» **EXERCISE PROMPT**: Repeat the records below exactly, from the first line through the line containing "Arctic Tern", and leave out any pictures.

[Stored items from a collection]
"""

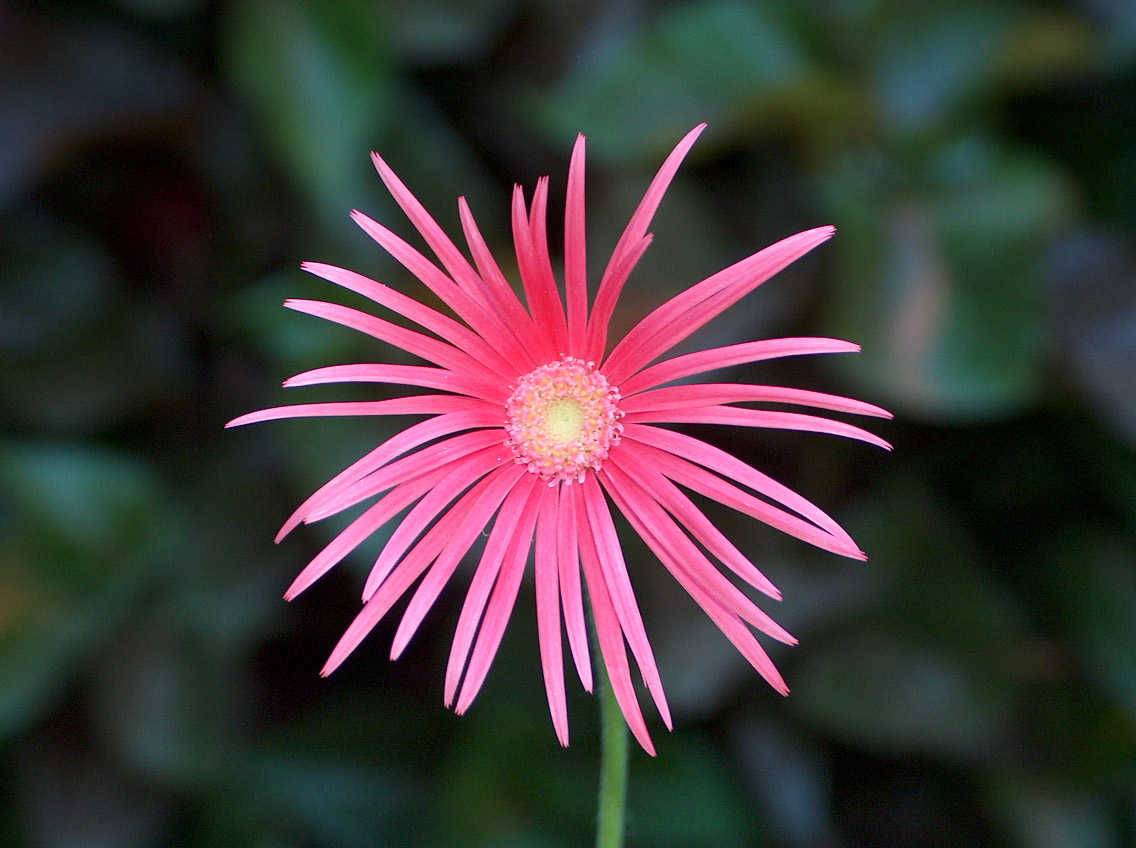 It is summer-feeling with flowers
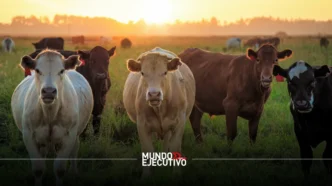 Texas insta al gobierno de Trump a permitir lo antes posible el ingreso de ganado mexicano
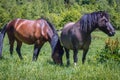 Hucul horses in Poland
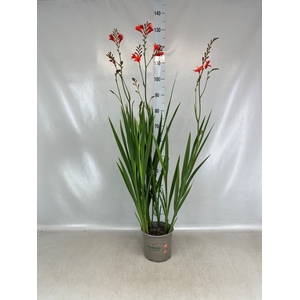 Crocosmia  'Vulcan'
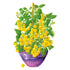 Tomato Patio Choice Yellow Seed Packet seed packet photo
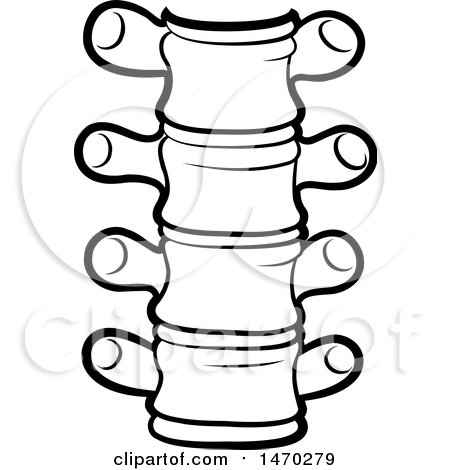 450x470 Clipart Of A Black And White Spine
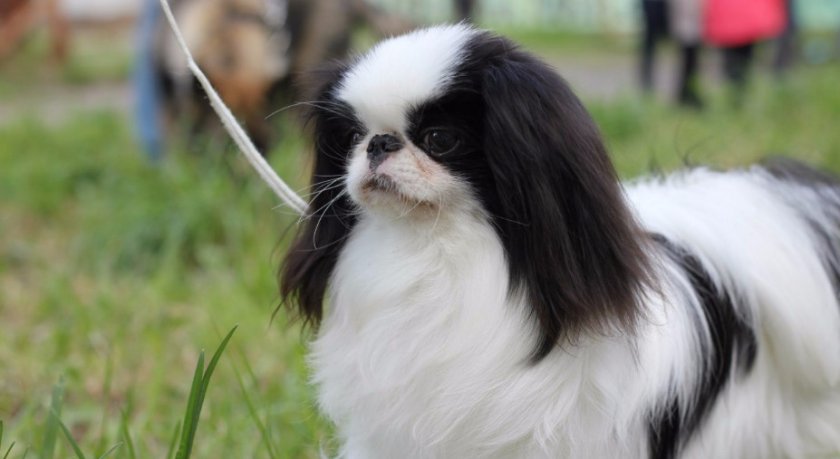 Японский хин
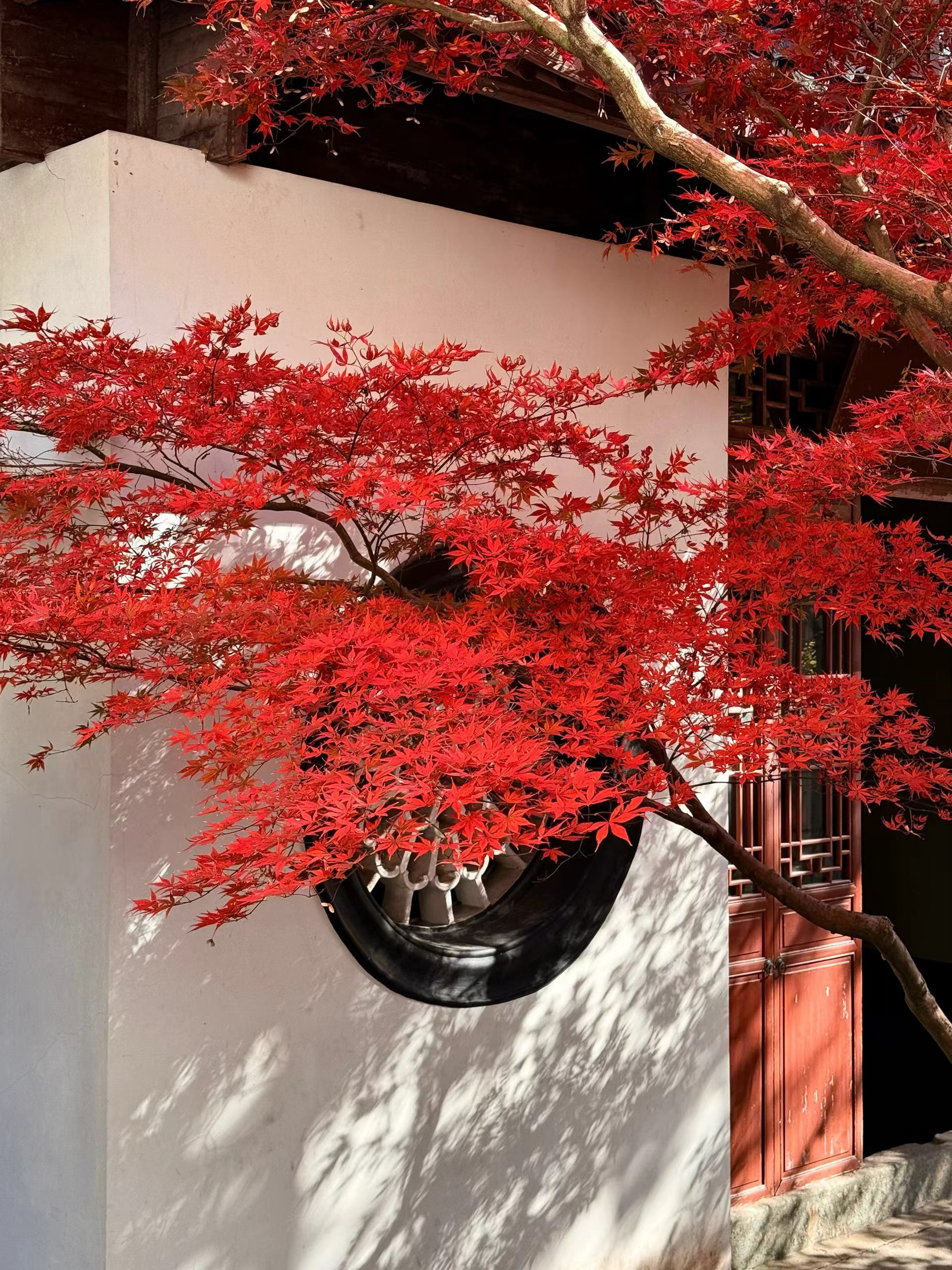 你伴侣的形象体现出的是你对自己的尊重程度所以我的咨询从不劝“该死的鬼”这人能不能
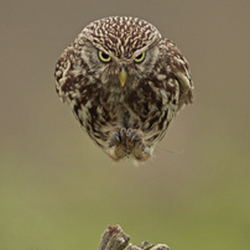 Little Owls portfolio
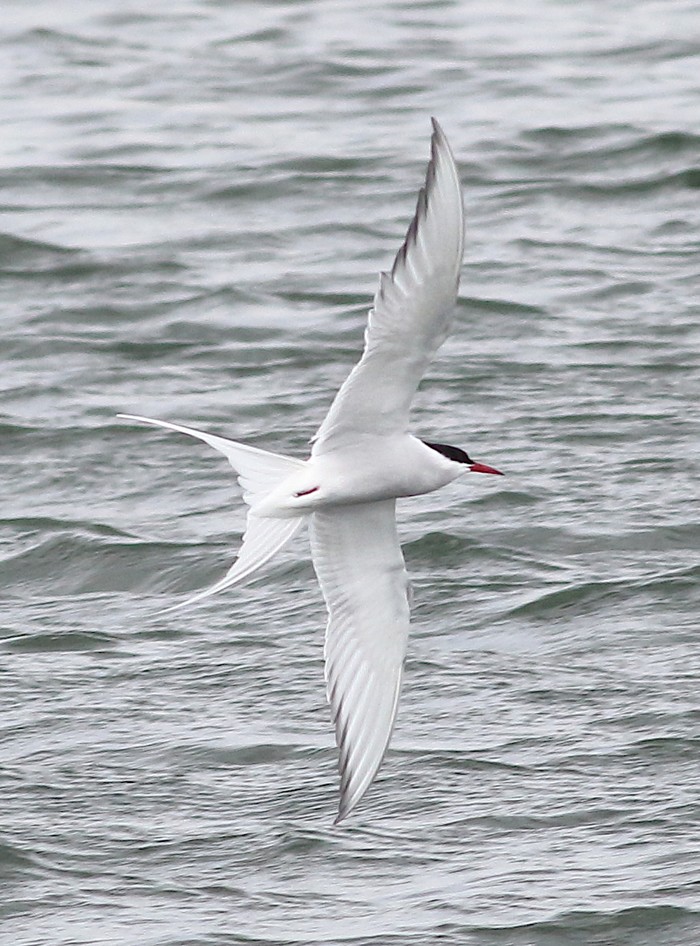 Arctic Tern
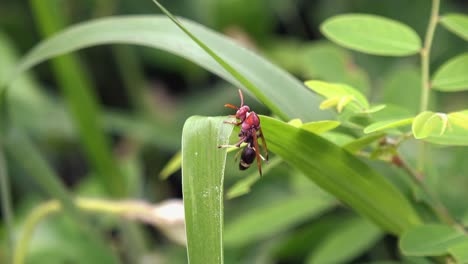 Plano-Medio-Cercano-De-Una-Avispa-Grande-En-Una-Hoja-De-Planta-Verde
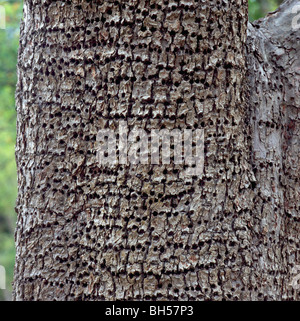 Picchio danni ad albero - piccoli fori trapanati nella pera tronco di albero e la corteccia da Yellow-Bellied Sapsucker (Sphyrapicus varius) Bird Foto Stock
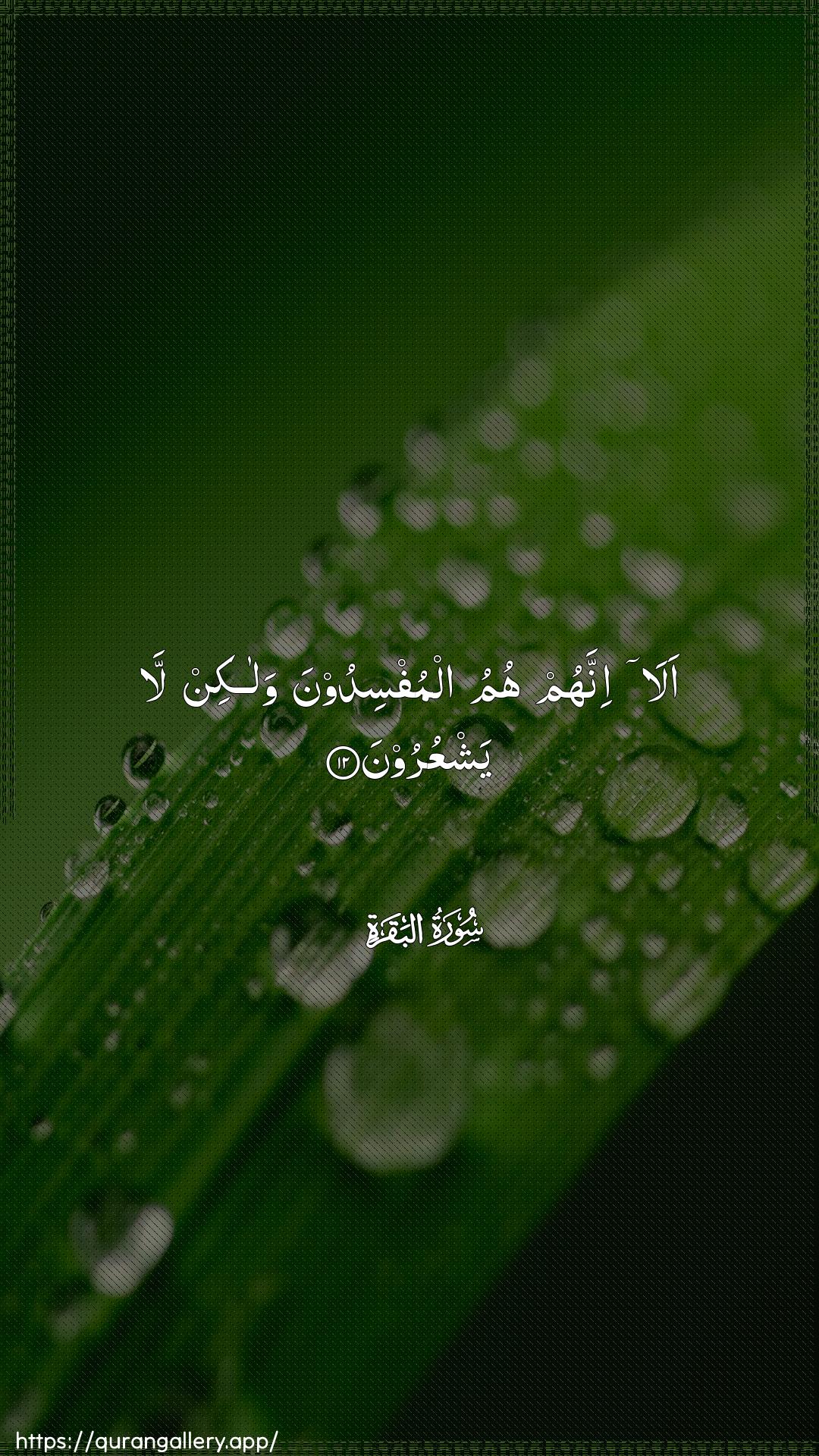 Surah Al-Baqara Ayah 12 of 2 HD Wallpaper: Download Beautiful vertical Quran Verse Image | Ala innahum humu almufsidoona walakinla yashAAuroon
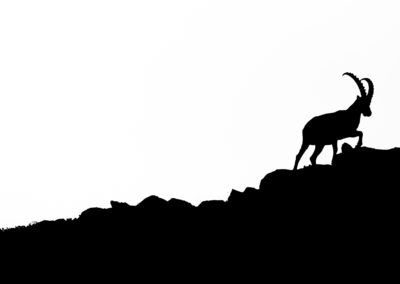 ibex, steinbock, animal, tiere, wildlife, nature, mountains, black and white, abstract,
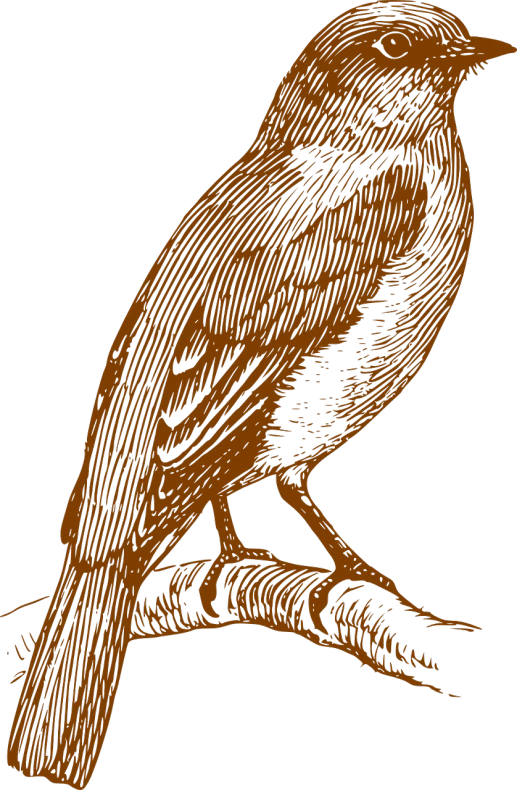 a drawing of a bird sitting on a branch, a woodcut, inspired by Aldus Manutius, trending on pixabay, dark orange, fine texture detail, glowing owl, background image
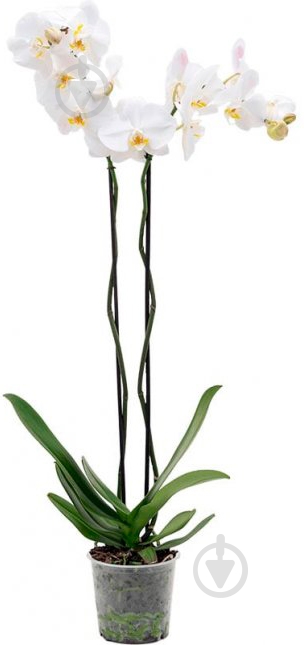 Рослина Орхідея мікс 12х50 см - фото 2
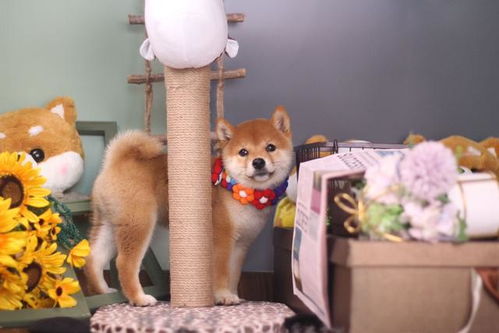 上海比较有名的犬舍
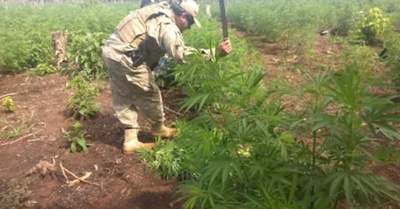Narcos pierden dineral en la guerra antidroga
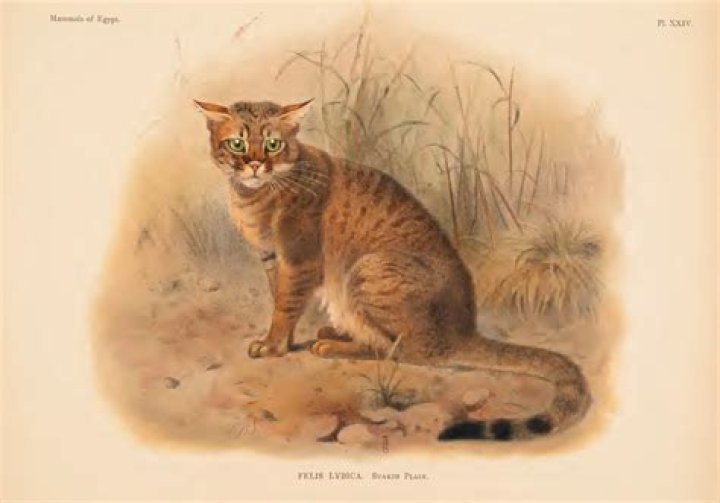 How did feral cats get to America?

"""

» **SOLUTION TO THIS EXERCISE**:
 It is summer-feeling with flowers
 Texas insta al gobierno de Trump a permitir lo antes posible el ingreso de ganado mexicano
 Hucul horses in Poland
 Crocosmia  'Vulcan'
 Tomato Patio Choice Yellow Seed Packet seed packet photo
 450x470 Clipart Of A Black And White Spine
 Японский хин
 你伴侣的形象体现出的是你对自己的尊重程度所以我的咨询从不劝“该死的鬼”这人能不能
 Little Owls portfolio
 Arctic Tern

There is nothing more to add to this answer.